Nach Pollenzo, einen Ortsteil von Bra, verirrt sich kein Ausländer, wenn er nicht schon auf dem Weg nach Alba ist, der berühmten, im norditalienischen Piemont gelegenen Stadt des weißen Trüffels. Zumindest denkt man das, liegt aber falsch. In Wahrheit ist Pollenzo auch so manchem Ausländer ein Begriff. Der eine kommt um die Ausgrabungen aus der Römerzeit zu sehen, der andere um den Landsitz, den sich König Carlo Alberto 1832 errichten ließ, zu besichtigen. Und dann gibt es noch diejenigen, die Pollenzo in- und auswendig kennen, weil sie hier studieren. Denn seit 2004 befindet sich hier, in einem Flügel der ehemaligen königlichen Gemächer untergebracht, die Università delle Scienze Gastronomiche, eine Gastronomiehochschule. Heute zählt sie an die 300 Studenten, 60 Prozent davon aus dem Ausland kommend. Gegründet wurde sie von Carlo Petrini, dessen Name vor allem, aber nicht nur, den Slow Food Adepten ein Begriff ist.

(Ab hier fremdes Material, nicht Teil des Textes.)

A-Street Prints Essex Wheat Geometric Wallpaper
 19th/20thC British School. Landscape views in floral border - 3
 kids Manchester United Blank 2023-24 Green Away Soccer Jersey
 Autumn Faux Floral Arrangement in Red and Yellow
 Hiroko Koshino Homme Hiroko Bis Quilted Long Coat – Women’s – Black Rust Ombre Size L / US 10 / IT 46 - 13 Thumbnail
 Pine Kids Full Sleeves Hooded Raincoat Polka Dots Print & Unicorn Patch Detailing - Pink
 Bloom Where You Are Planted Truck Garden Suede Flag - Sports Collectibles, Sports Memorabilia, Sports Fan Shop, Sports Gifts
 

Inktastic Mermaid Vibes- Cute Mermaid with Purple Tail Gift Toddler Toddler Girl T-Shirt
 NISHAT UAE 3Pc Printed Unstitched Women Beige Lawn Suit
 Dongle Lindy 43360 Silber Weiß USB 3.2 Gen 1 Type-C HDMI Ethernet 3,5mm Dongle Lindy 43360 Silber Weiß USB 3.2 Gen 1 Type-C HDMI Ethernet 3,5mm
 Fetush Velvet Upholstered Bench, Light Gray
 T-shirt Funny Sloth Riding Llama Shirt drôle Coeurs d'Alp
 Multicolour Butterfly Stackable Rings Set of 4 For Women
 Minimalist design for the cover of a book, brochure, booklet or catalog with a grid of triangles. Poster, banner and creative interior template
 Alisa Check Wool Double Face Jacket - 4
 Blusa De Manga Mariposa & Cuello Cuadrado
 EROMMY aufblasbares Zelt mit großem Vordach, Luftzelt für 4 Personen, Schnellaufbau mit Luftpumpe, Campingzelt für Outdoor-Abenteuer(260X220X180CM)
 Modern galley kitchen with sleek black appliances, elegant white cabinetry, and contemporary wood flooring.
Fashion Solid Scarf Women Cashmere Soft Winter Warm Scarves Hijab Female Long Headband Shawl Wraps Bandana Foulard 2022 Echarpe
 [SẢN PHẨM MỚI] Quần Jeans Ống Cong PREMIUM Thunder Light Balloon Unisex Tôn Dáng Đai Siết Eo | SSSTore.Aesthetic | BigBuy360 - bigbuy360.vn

Was den Studienplan betrifft, so bietet sich nicht Kochkurse an, um an etwaigen Kochwettbewerben teilzunehmen, vielmehr fußt er auf dem Prinzip der Gastfreundschaft und der Aufnahme. Will heißen, neben dem ABC der Kochkunst geht es hier auch um andere Kulturen und um Diplomatie. Denn es ist Petrinis feste Überzeugung, dass „die lokale Küche so etwas wie eine zweite Muttersprache ist, Dank der wir unsere Wurzeln und die der anderen wahrnehmen“.
Carlo Petrini, 68 Jahre alt, ist der Gründer der in den 80er-Jahren ins Leben gerufene Slow Food Bewegung. Aus dem damaligen Protestsamen gegen die fortschreitende Kolonisierung der Fast Food Ketten, ist riesiger, irrwitzig verzweigter Baobab geworde. Ein jeder ein jeder der knorrigen Äste trägt eine Frucht, steht für ein neues Unterfangen. Wie „Terra Madre“, ein Netz aus Landwirten die sich zusammengetan haben, um lokale Landwirtschaft und nachhaltige Produktionsmethoden zu fördern. Heute ist „Mutter Erde“ in über 150 Länder verstreut. 2014 wurde die Initiative „10.000 Orti per il futuro dell’Africa“(10 Tausend Gemüsegärten für Afrikas Zukunft) gestartet. „Afrikas Boden gehört den Afrikanern. Es muss endlich Schluss sein mit dem Verkauf an Ausländer. Deswegen sind diese Gemüsegärten auch ein politischer Akt“ wird Petrini nicht müde zu wiederholen.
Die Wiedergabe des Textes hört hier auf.